News CA

Dossier | Crise des surdoses | « On aurait pu la retrouver morte » (1 articles)

« Reste éveillée ! » La jeune femme s’affaisse sur elle-même. Sa tête bascule en avant, entre ses jambes. Une paramédicale lui frotte le sternum, vérifie ses pupilles. « Ouvre les yeux ! » La femme, la bouche entrouverte, ne réagit pas.

« Elle est en train de crasher », souffle Joshua Arruda-Aguiar, chef aux opérations à Urgences-santé. Il presse la base du cou de la femme pour tenter de la faire réagir, en vain.

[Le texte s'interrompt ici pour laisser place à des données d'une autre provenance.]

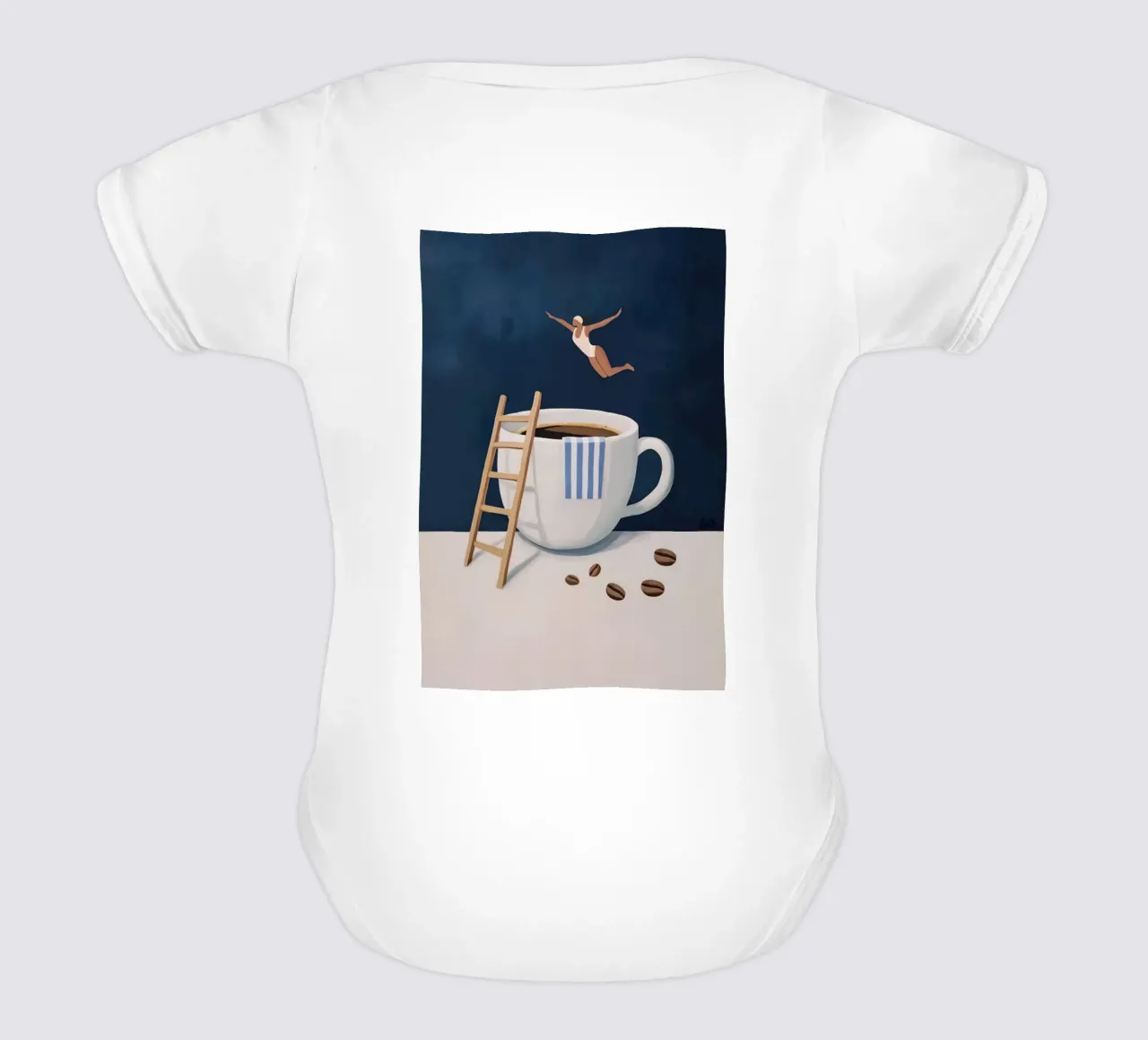 Tuffatore di caffè body neonato maniche corte da mary shop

Cela fait moins d’une heure que nous sommes avec lui sur la route pour prendre le pouls de la crise des surdoses qui frappe le Québec et c’est déjà le troisième appel que nous recevons pour une personne dont la vie est possiblement en danger en raison d’une intoxication à une drogue.

Cette fois, l’appel concerne une jeune femme retrouvée à terre, dans un stationnement. À l’arrivée de l’ambulance, elle s’est relevée en titubant, a échangé quelques mots avec les paramédicaux. Puis elle leur a dit qu’elle avait pris du fentanyl, quelques secondes avant de s’effondrer de nouveau au sol.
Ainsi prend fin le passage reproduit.